Looking at how other implementations handle groups, it seems looping through the devices is indeed the way to do it. Groups don’t appear to have a callable endpoint.
Not used that one myself, am using an lolin lite esp32 and still in test mode but micropython is really easy to install and use as it also has touch sensors which has libraries ready to go in micropython.
There is a lot of detail on the micropython site.
You can use a python library, e.g. LIFXLAN but you can’t install libraries you need to add them and reference them in your python script.
for example with LIFXLAN it uses netifaces to find the correct subnet to broadcast on, you need to extract that part from the script and add your own broadcast address. e.g. [u’255.255.255.255]
You will need to add your dependencies if micropython does not have its own version. e.g. bitstruct is used, if that isn’t in micropython then you add the python file to the script and call it.
As per the doco you add the library in a folder on the device and call it.
Half the fun is working it out as I am still doing.
Unfortunately it looks like there’s not quite enough room on a NodeMCU v3 for the bitstring library, so I don’t think I can run LifxLAN directly. I might get an ESP32-based board and try again.

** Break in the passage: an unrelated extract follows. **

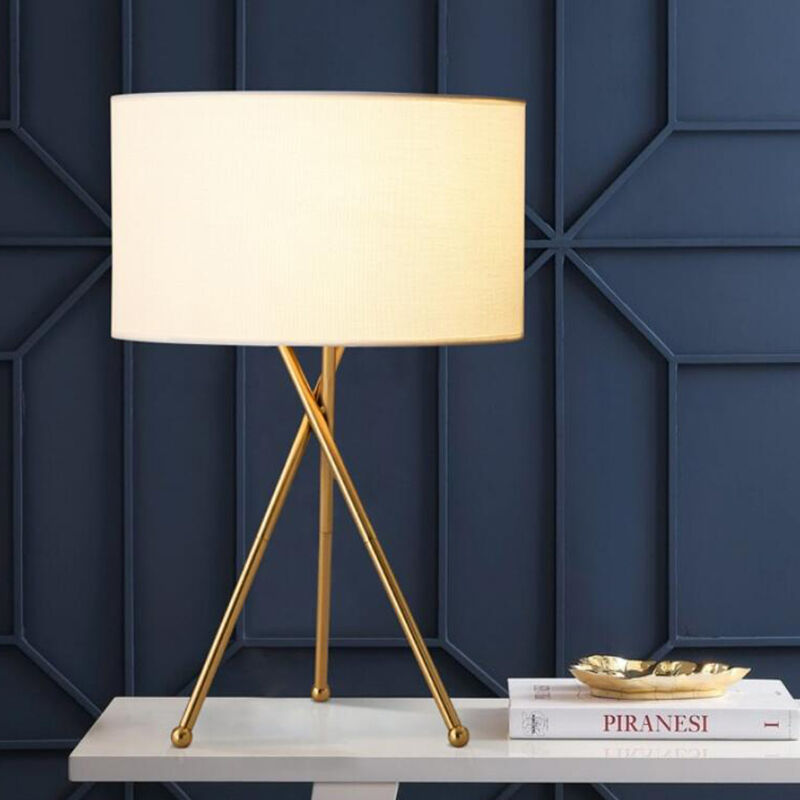 Modern Minimalist Metal Fabric Triangular Bracket Indoor Decorative Desk Lamp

However, I might be able to get a little web client running on it, which can then POST to my existing LifxLAN server…
My current plan once I’ve sorted out the socket issue I’m having is to have standard code on a bunch of boards, and move the switch logic to the server, so it receives “switch 1 gpio 5 pressed/held” and knows what to do with that.

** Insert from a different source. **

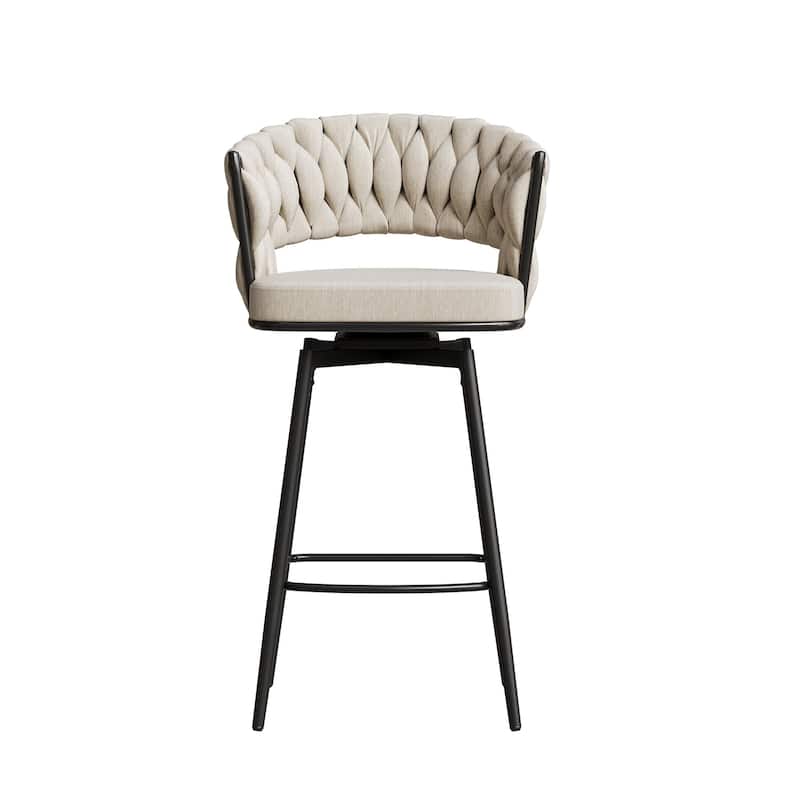 Modern Swivel Bar Stools Set of 2, Dining Chairs with Footrest and Cushioned Backrest Counter Stools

I feel like I should look into MQTT, but don’t have the brain space for another system at the moment!
Why ? One raspberry pi W and use the esp32 or the on you have with a sensor to post a message to mqtt on the pi and then run lifxlan there. Your switches are cheap then and a cheap central computer has the ram etc you need to control your lights.

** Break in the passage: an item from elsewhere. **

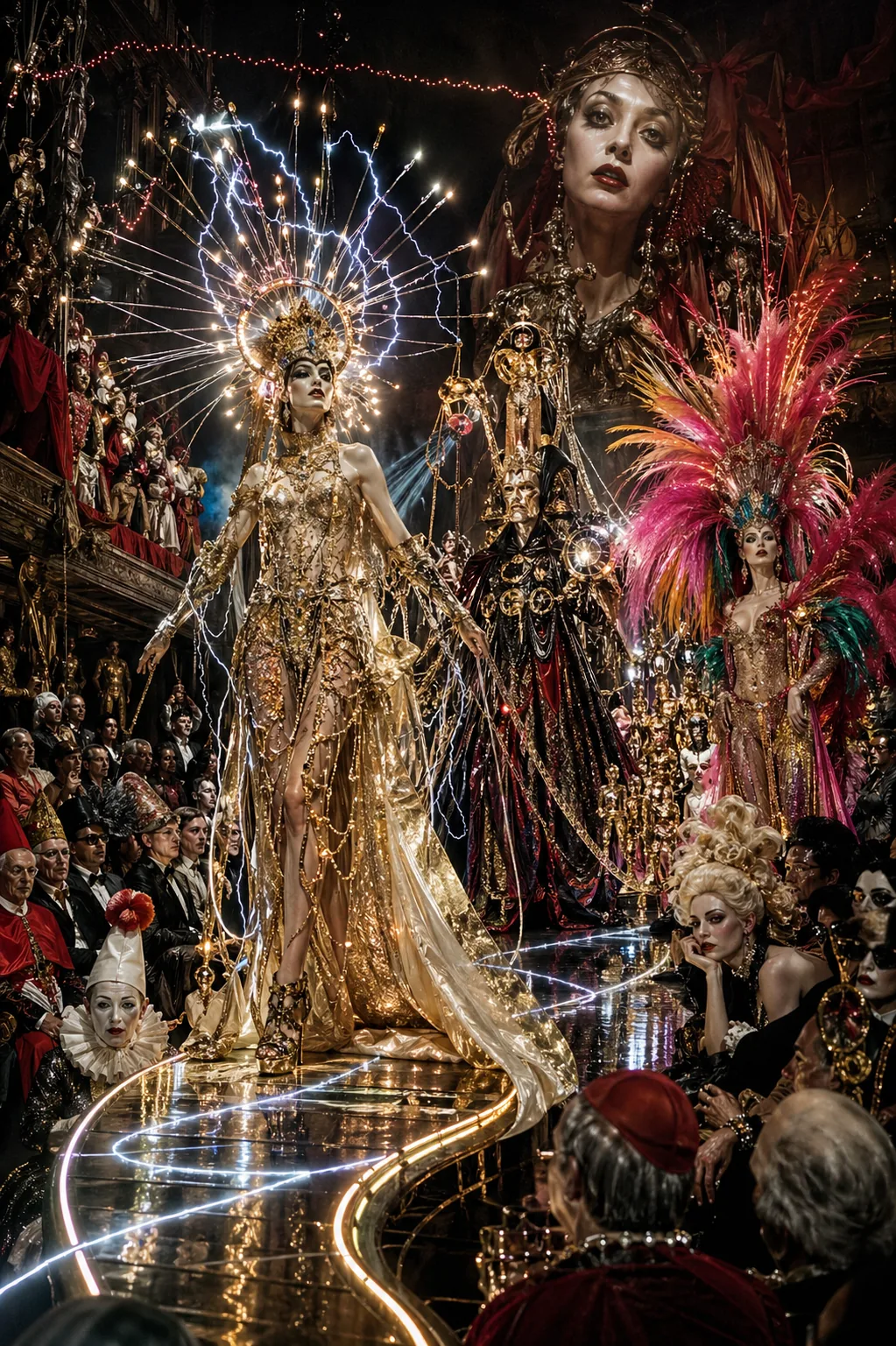 Theatralisches Modespektakel mit Masken und Licht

The esp32 I got for $8.00 US this week and there are cheaper ones. Esp32 has touch sensors so easy to use that.
Setting up mosquitto is easy. You can also use node red on the pi W and create a flow from that. I did that quickly this week
That’s in essence what I’m doing. I thought you were recommending a pi over an Arduino for the sensor processing, not for the server. I have a perfectly capable server that’s already running LifxLAN. I also have a Smartthings system providing most of the automations I need.
I was mainly saying I don’t see the advantage of setting up MQTT over just running a dedicated python httpserver linked to LifxLAN. Perhaps if I was starting from scratch I’d consider it, but I try to keep most of my stuff as off-the-shelf as possible and then just add custom code around the edge cases.
The big advantage I see is the ability to log the MQTT messages to determine what your LIFX bulbs (or any IoT target for that matter) was supposed to do vs what it actually did.